RadioShack's Day, Former Banker, Flexes Retail Muscle (Update1)
By Mark Clothier
March 9 (Bloomberg) -- For a guy who began his career crunching numbers in Britain, RadioShack Corp. Chief Executive Officer Julian Day is showing an unusual aptitude for retailing.
Just a few months into the job last October, Day, 54, quickly absorbed a presentation by New York turnaround experts AlixPartners LLC which showed that while customers liked the service at the electronics chain, products and prices missed the mark.
``He had a tremendous grasp of the business for someone who had been there such a short period of time,'' said Fred Crawford, an AlixPartners consultant. ``I remember sitting back and saying this guy synthesizes information very, very quickly.''
Since becoming CEO of the Fort Worth, Texas-based retailer six months ago, Day, an Oxford-educated former McKinsey & Co. consultant who once worked at Chase Manhattan Bank, has closed 505 stores, liquidated slow-moving items such as karaoke keyboards and trimmed the Texas-retailer's workforce by 7,000. Fourth-quarter profit rose 65 percent, the most in four years.
Shares of RadioShack climbed 12 cents to $25.99 at 10:07 a.m. in New York Stock Exchange composite trading. Before today, they gained 54 percent this year, 88 percent since Day took over July 7.

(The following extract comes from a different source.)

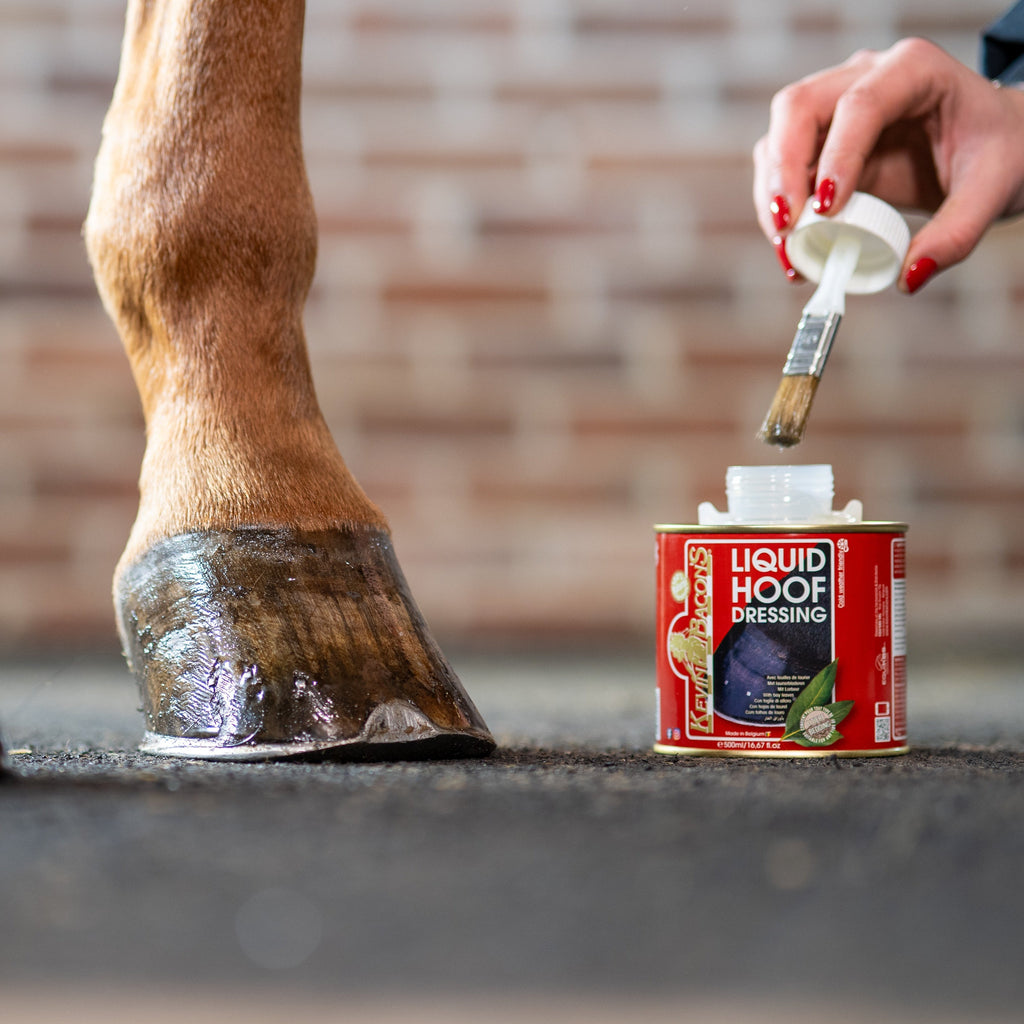 Kevin Bacon's Liquid Hoof Dressing (Olie)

While he's shown he can cut costs, he has yet to show he can get more shoppers into stores. ``He's grabbed the easy things, the cost-cutting,'' said Charles Duddles, a former chief financial officer of Jack in the Box Inc. who served with Day as a director of Petco Animal Supplies Inc. ``The next step is, how do you grow sales?''
Six weeks into the job last August, during a national meeting of 2,000 franchisees at the MGM Grand Hotel in Las Vegas, Day sat with a half-dozen store owners for what they thought would be a quick dinner. It lasted three hours.
`Bugging Us'
``We closed the room we were there so long,'' said Mark Kazmer, who owns a RadioShack in Spearfish, South Dakota. ``We ran out of things to say about what was bugging us.''
One issue Day solved: charges for shipping from outside a franchisee's territory. Store owners who couldn't get goods from their nearest RadioShack warehouse were being charged freight costs to send from those farther afield. Instead, they stocked their shelves with electronics from other makers. ``That problem is being fixed,'' Kazmer said.

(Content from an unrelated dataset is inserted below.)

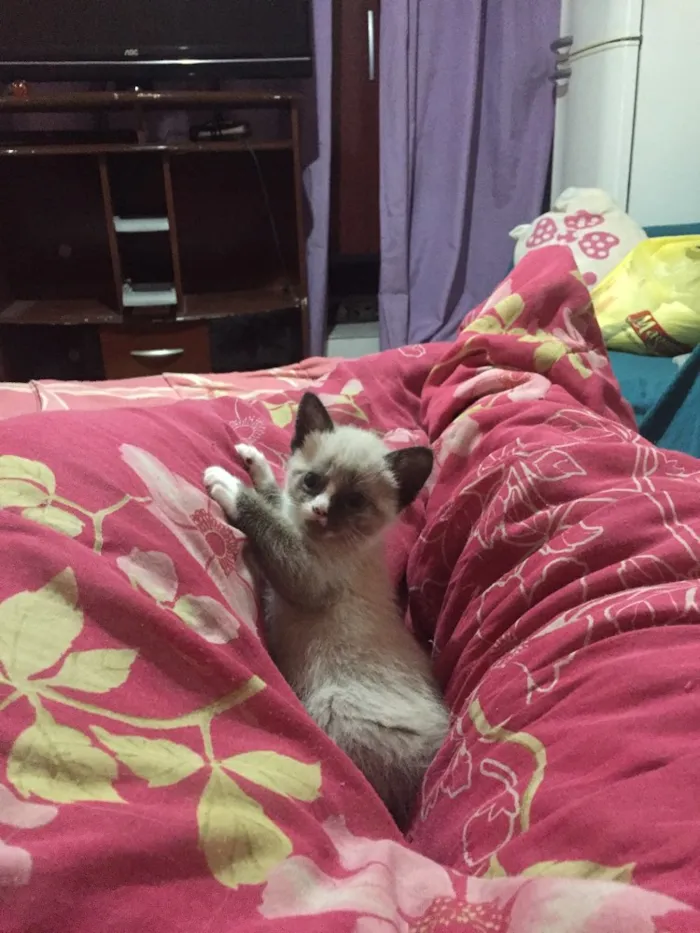 Gato ra a Siamês  idade Abaixo de 2 meses nome Theo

Day took over from interim chief Claire Babrowski, who had arrived in July 2005 from McDonald's Corp. and had already planned store closings and clear-outs of slow moving merchandise. She led RadioShack after CEO David Edmondson was ousted for lying on his resume.
Troubled Retailers
Day already had experience with troubled retailers, having helped lead Kmart out of bankruptcy in 2003. He spent his first seven months in Fort Worth on internal issues, canceling analyst conference calls and turning down requests for media interviews, including one for this story.

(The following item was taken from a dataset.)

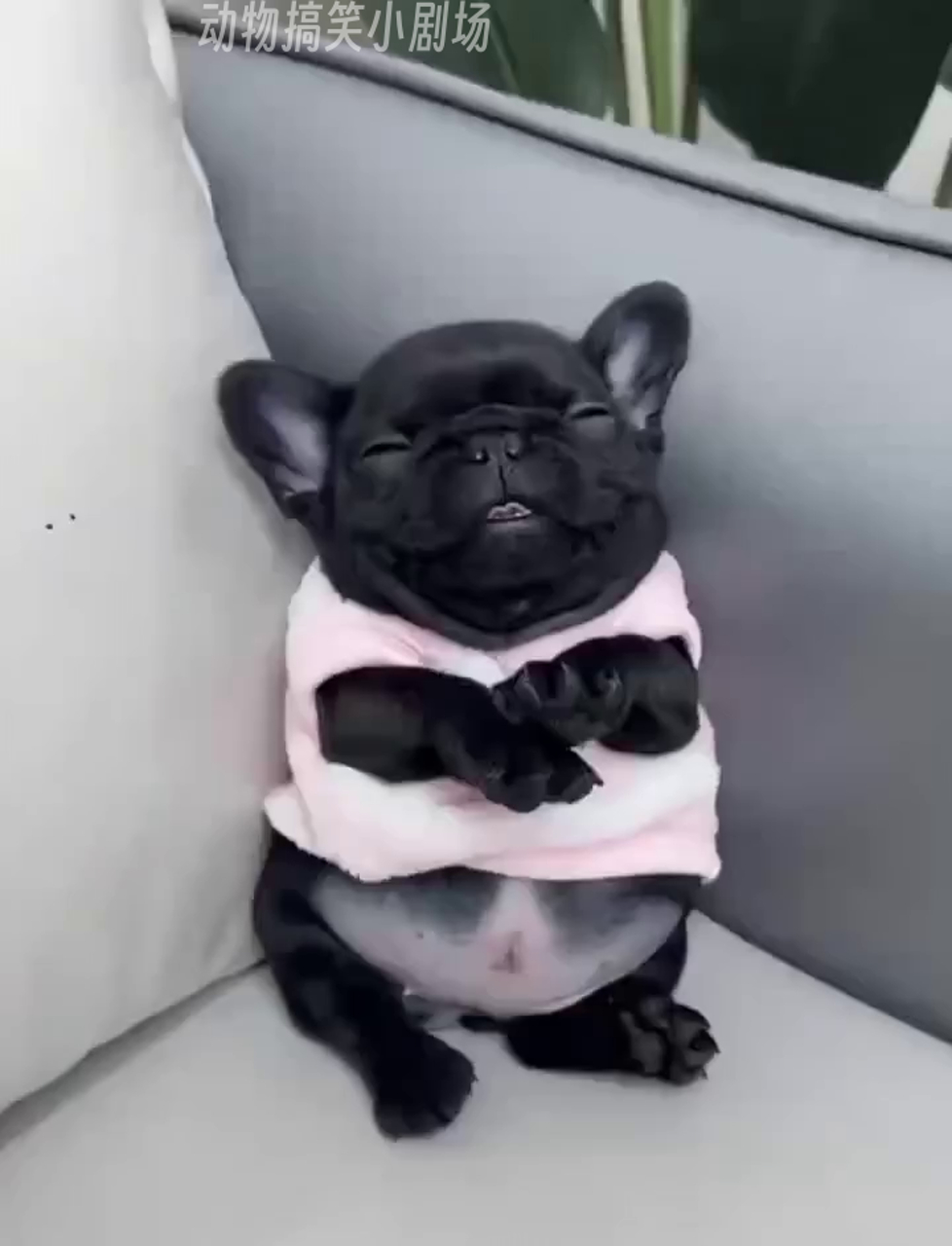 狗狗站着打瞌睡,也会有人爱吗?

Prior to Kmart, Day was an executive at Sears and chief financial officer of grocer Safeway Inc., based in Pleasanton, California. He left Safeway in 1998 because he wanted to become CEO of a publicly traded company, the company said at the time.
Before that, he was a management consultant to buyout firm Kohlberg, Kravis and Roberts & Co. He was a London-based consultant for McKinsey and European development manager at Chase.
Executives who have toured stores with Day say he's a savvy merchandiser. ``I found his insights to be very astute,'' said Peter Maslen, chairman of private investment firm HansonMaslen Group LLC in Kirkland, Washington, and a fellow director with Day at Petco.
Less Cluttered
``We spent quite a lot of time wandering around the Petco stores and looking at other people's brands,'' said Maslen. ``I'm a bit of a store wanderer as well. It's hard to go past a shop and not critique, and Julian is certainly in that vein.''
Under Day, RadioShack stores have become less cluttered. Older, slower-selling products like handheld language translators were cleared to make way for flat-panel televisions and iPods in time for last year's holiday shopping season.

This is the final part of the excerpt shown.